Hello everybody! Welcome to this new segment of my blog where we will be experimenting with Deep Learning. If you are new to Machine Learning, Deep Learning is a branch of ML that mimics the way humans learn by using artificial neural networks, which at the same time use perceptrons to create complicated and interconnected networks to process information and obtain features or abstractions to make predictions for example.
If this is the first time you visit my blog, the purpose of this series of articles is intended to create a Machine Learning model to predict how long will it take an average visitor to wait in line at a Disney or Universal park before they can ride their favorite rollercoaster and with this information, optimize their visit by scheduling parks in the day where their favorite parks are less crowded.
For this post, I will be basing my redaction on Dr. Brownlee’s post :
https://machinelearningmastery.com/tensorflow-tutorial-deep-learning-with-tf-keras/
An excellent article to start with a very simple example, feel free to go there and complete the information that I give here. If you want even more technical explanations, I recommend reading the book “Hands-on machine learning using sklearn and TensorFlow” by Aurelien G. Chapters on deep learning and excellent.
Now you can ask yourselves, ok if there are all these excellent tutorials, why should I keep on reading this guy’s post? Excellent question, here we will be facing a real problem, our data will not be pretty either something simple such as the iris dataset, we will be describing how to tune the algorithm to a real dataset and we will be solving some problems that come within them.
TensorFlow
Just like SkLearn, TensorFlow is a library that python can import.

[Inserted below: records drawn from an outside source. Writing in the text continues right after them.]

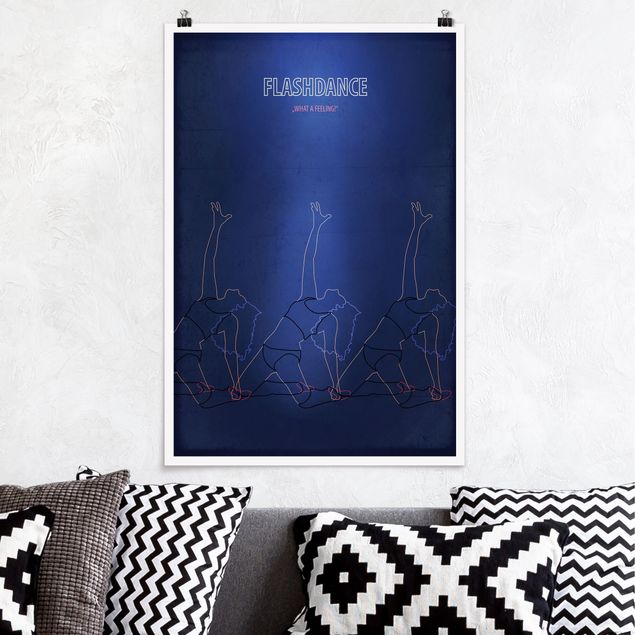 Poster Illustration Filmposter Flashdance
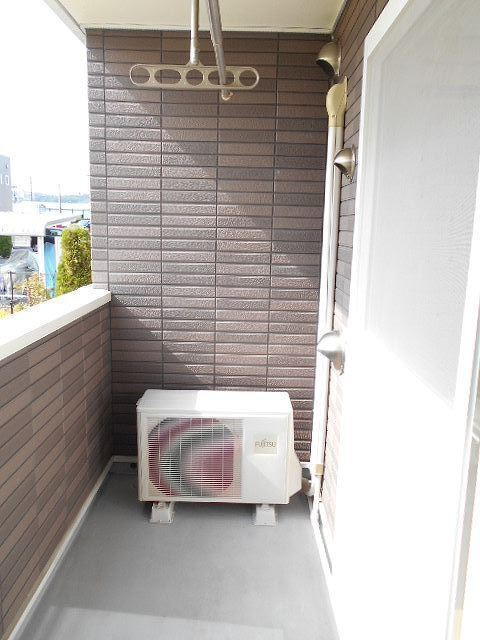 ＲｉｖｅｒＳｉｄｅ東祥Ｂのバルコニー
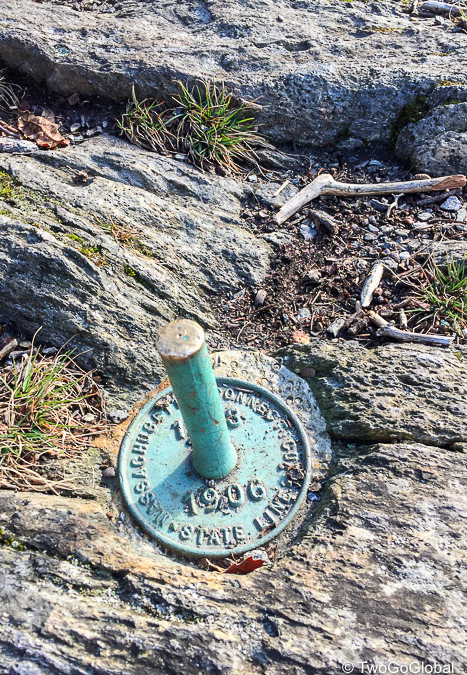 Connecticut’s highpoint marker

It was developed and maintained by Google, and its magic resides in the fact that you can create deep neural networks with only a few lines of code while using their API Keras. There are a lot of different tutorials for installing TensorFlow, please take into consideration that it will be different if you use Windows and Mac. Personally, I will give you a quick tip, if you are not doing a process that requires long and heavy processing, don’t worry about creating environments and installing things, my advice is to create a google account and use Google Colaboratory. They will allow you to use CPUs and GPUs (a limited amount obviously) for free without any installation.
https://colab.research.google.com/drive/19ER0hSiVRSDOqhqVv-vdOdDAwKqKm1Wg?usp=sharing
Difference between using perceptrons and regular ML models
So far we have used a series of algorithms to create models to make predictions, you can see the last posts to give yourself an idea of how to use SVM or Regressions. These algorithms have to be defined with their parameters and then fit. They were quite simple, algorithms that use perceptrons have a different life cycle. It is extremely similar but we need to understand it perfectly to set our bases correctly.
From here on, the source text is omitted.